The framebuffer subsystem in the Linux kernel fbdev is used to show graphics on a computer monitor, typically on the system console.

It was designed as a hardware-independent API to give user space software access to the framebuffer (the part of a computer's video memory containing a current video frame) using only the Linux kernel's own basic facilities and its device file system interface, avoiding the need for libraries like SVGAlib which effectively implemented video drivers in user space.

In most applications, fbdev has been superseded by the Linux Direct Rendering Manager (DRM) subsystem, but as of 2022, several drivers provide both DRM and fbdev APIs for backwards compatibility with software that has not been updated to use the DRM system, and there are still fbdev drivers for older (mostly embedded) hardware that does not have a DRM driver.

==Applications==

There are three applications of the Linux framebuffer:

- An implementation of text Linux console that doesn't use hardware text mode (useful when that mode is unavailable, or to overcome its restrictions on glyph size, number of code points, etc.).

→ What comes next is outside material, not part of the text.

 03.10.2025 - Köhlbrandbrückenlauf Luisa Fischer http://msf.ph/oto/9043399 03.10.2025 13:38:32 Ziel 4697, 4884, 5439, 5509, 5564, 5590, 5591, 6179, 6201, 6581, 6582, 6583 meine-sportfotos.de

One popular aspect of this is the ability to have console show the Tux logo at boot up.
- A graphic output method for a display server, independent of video adapter hardware and its drivers.
- Graphic programs avoiding the overhead of the X Window System.
Examples of the third application include Linux programs such as MPlayer, links2, NetSurf, w3m, fbff, fbida, and fim, and libraries such as GLUT, SDL (version 1.2), GTK, and Qt, which can all use the framebuffer directly. This use case is particularly popular in embedded systems.

DirectFB2 is another project aimed at providing a framework for hardware acceleration of the Linux framebuffer.

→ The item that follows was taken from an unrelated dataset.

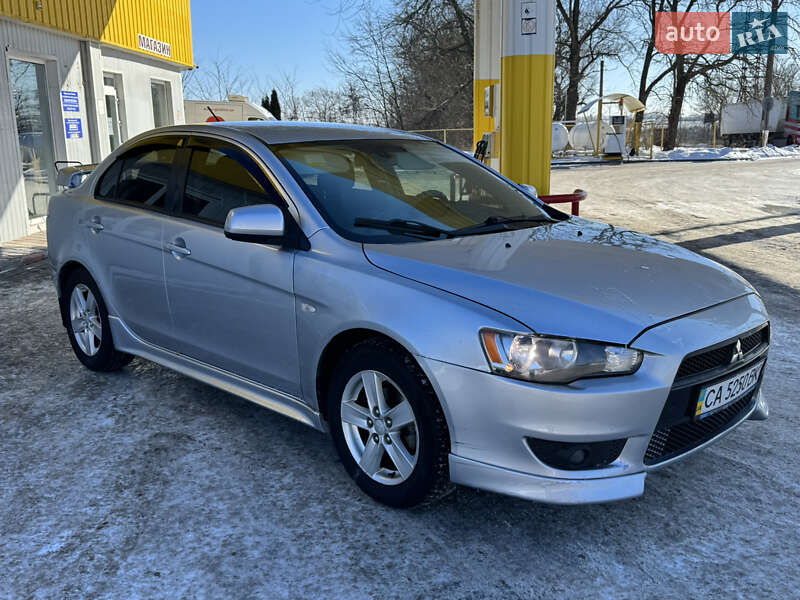 Седан Mitsubishi Lancer 2008 в Смеле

There was also a windowing system called FramebufferUI (fbui) implemented in kernel space that provided a basic two-dimensional windowing experience with very little memory use.

==History==

Linux has had generic framebuffer support since the 2.1.109 kernel.

It was originally implemented to allow the kernel to emulate a text console on systems such as the Apple Macintosh that do not have a text-mode display, and was later expanded to the IBM PC compatible platform.